## Work required
Would you copy out each line of the records below that includes the word "Lovely"?

## Excerpted records

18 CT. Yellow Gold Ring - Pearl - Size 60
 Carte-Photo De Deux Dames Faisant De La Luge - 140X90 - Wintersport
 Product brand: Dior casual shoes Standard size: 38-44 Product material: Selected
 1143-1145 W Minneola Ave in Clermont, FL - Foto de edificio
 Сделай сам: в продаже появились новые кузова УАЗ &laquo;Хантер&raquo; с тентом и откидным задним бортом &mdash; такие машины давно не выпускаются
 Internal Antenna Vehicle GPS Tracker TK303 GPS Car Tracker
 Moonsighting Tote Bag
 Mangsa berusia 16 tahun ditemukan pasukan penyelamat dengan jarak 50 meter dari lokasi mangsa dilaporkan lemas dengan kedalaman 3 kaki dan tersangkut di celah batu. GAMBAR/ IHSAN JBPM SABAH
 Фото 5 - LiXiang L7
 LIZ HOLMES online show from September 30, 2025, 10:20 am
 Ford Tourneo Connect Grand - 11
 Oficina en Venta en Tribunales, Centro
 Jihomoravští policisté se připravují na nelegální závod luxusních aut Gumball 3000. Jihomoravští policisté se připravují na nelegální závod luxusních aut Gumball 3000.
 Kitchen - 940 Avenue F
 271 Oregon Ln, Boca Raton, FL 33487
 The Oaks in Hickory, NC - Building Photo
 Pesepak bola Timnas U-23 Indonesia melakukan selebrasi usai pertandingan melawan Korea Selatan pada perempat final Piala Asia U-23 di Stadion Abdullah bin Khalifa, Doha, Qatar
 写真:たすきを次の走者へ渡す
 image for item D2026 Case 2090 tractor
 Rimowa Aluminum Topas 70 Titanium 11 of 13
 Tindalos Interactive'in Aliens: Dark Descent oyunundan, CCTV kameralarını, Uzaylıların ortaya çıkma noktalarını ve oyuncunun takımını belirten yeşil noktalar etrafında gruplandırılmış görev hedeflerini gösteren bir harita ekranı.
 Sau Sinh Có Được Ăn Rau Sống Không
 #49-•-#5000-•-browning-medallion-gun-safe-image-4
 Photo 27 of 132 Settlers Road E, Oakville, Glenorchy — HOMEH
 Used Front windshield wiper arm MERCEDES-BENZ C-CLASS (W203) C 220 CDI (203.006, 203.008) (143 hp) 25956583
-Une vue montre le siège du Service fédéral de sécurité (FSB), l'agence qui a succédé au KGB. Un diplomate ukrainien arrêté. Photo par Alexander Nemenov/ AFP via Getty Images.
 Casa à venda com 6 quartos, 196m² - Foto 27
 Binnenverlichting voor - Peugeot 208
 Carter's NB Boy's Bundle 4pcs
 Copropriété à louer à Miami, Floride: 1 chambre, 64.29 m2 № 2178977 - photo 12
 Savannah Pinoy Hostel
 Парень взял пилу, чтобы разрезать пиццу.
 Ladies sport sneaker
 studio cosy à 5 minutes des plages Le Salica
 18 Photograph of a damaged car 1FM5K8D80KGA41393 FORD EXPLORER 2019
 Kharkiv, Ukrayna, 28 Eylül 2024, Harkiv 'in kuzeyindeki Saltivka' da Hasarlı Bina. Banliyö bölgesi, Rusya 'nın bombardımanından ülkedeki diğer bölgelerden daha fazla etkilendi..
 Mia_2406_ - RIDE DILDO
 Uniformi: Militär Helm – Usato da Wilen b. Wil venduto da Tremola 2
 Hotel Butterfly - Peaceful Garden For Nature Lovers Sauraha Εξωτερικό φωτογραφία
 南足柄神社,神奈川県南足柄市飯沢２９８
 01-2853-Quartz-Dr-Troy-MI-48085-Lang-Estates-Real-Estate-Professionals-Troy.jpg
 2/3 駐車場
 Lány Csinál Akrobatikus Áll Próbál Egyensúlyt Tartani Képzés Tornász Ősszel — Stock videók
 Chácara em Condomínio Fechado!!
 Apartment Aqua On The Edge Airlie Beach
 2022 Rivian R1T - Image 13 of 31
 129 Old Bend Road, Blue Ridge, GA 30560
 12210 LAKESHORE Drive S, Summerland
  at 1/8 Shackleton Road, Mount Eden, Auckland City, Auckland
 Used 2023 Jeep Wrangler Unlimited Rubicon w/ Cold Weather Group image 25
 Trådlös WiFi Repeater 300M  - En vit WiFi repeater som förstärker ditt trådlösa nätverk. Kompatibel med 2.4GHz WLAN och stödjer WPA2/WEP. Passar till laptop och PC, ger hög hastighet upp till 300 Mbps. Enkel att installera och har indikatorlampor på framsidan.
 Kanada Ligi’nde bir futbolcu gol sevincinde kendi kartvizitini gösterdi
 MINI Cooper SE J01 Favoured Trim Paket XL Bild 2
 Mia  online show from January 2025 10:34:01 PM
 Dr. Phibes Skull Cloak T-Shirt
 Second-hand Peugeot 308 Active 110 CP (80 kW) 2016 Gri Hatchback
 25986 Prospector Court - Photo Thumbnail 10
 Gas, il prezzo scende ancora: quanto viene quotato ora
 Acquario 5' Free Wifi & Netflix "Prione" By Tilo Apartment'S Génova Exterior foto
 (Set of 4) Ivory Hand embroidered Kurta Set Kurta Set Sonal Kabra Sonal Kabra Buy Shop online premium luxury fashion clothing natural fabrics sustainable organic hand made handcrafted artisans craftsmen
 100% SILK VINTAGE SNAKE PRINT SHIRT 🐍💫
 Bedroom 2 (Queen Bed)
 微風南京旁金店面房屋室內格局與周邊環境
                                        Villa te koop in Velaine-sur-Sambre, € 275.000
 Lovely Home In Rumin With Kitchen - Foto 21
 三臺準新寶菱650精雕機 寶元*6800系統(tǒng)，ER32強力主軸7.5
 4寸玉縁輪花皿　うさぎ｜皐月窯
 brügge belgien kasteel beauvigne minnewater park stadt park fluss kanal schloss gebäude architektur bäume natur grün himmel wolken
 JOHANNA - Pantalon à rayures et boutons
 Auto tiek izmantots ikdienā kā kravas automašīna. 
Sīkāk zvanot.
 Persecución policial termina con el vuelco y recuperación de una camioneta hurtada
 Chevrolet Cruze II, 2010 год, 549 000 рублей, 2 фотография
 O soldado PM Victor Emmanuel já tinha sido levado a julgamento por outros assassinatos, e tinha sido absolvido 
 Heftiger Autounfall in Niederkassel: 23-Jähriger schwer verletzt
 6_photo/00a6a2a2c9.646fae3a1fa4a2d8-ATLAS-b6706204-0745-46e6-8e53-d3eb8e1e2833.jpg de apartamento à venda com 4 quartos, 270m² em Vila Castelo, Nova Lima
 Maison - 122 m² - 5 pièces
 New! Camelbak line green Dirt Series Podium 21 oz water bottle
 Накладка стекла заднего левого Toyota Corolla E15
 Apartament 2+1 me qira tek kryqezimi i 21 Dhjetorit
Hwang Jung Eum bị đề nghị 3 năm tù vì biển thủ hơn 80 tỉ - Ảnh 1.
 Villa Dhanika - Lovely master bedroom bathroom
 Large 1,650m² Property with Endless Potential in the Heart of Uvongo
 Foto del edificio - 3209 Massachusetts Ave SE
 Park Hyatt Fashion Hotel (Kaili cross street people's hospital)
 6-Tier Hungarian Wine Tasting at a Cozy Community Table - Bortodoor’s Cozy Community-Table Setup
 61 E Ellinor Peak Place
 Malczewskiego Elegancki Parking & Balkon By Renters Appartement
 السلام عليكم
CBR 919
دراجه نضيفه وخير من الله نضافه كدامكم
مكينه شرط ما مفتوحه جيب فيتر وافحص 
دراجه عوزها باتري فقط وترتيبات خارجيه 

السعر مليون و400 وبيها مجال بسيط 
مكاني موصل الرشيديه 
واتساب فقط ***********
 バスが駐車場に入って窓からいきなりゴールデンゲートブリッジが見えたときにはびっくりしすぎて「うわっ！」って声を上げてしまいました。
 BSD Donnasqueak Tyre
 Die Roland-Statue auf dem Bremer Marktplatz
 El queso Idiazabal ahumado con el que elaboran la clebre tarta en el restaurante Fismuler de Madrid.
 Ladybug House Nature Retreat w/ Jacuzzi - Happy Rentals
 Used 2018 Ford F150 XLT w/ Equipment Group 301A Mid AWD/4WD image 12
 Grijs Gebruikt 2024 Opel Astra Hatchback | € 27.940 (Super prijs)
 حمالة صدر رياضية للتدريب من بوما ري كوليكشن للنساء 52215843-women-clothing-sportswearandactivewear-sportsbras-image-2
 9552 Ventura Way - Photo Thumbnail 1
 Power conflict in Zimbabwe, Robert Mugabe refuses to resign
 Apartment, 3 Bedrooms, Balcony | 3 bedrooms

## Answer to the exercise
 Lovely Home In Rumin With Kitchen - Foto 21
 Villa Dhanika - Lovely master bedroom bathroom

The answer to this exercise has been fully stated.